Date: Wednesday, 22 February 2023
Time: 2pm
Location: A1054

The Department of Politics and Public Administration continues their seminar series with “Aviation, Arms, and Apologies: mapping the Boeing social media response to 2019 Ethiopian Airlines crash” by Natalie Jester (University of Gloucestershire) and Emma Dolan (UL). Boeing is most famous for aviation but also produces arms, making $29.2billion from the latter in 2018. Whilst deaths facilitated by the arms trade are largely unacknowledged, cast into the realm of the “public secret”, Boeing produces itself through “neutral” technological advancement. This paper builds on works on public secrecy, which investigate how (lack of) acknowledgement obscures everyday security arrangements.
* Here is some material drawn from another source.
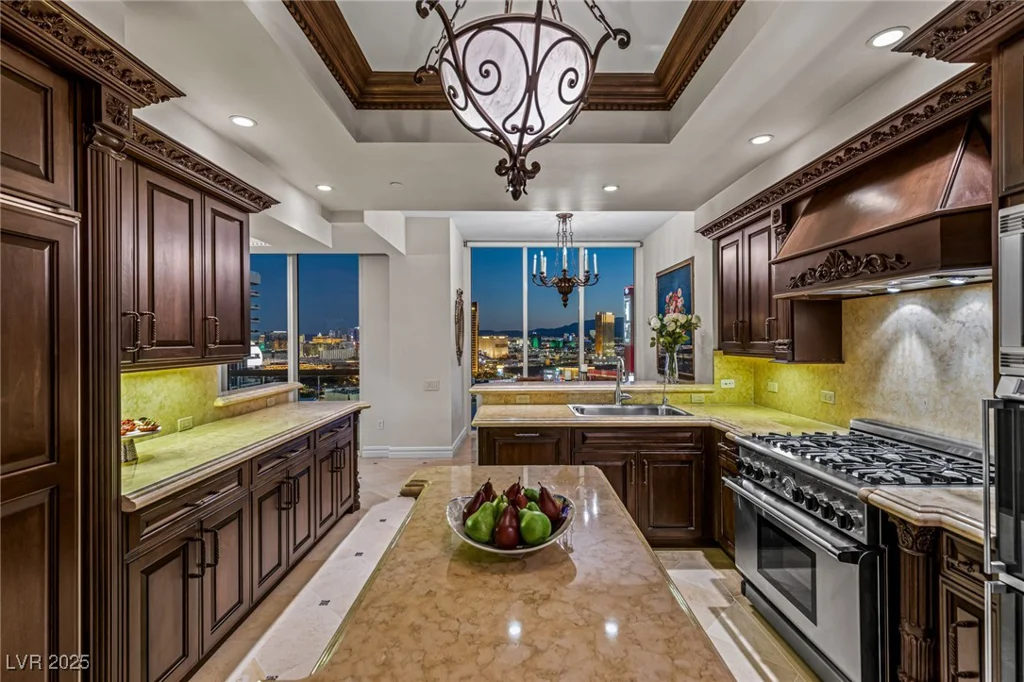 2747 Paradise, Las Vegas, NV 89109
How can we know the public secret? We argue that public apology and scandal function as boundary-delineating practices, locating certain issues within the public secret and rendering others knowable and sayable. We examine Boeing’s Twitter response to the March 2019 Ethiopian Airlines flight 302 crash. The content: 1) produced the crash as tragedy, positioning Boeing as “sorry” and capable of grief, 2) allowed Boeing to “take responsibility”, positioning safe operation of their products as a moral obligation. Within the wider political context of the arms trade on the one hand and responsibility for safety in commercial aviation on the other, we position Boeing’s Twitter navigation of apology/scandal not as simply corporate face-saving, but as a practice of (re)confirming the public secret, positioning aviation deaths as knowable and grievable, and those lost to the arms industry as neither. This seminar will take place 2pm, Wednesday February 22 in A1054. All welcome!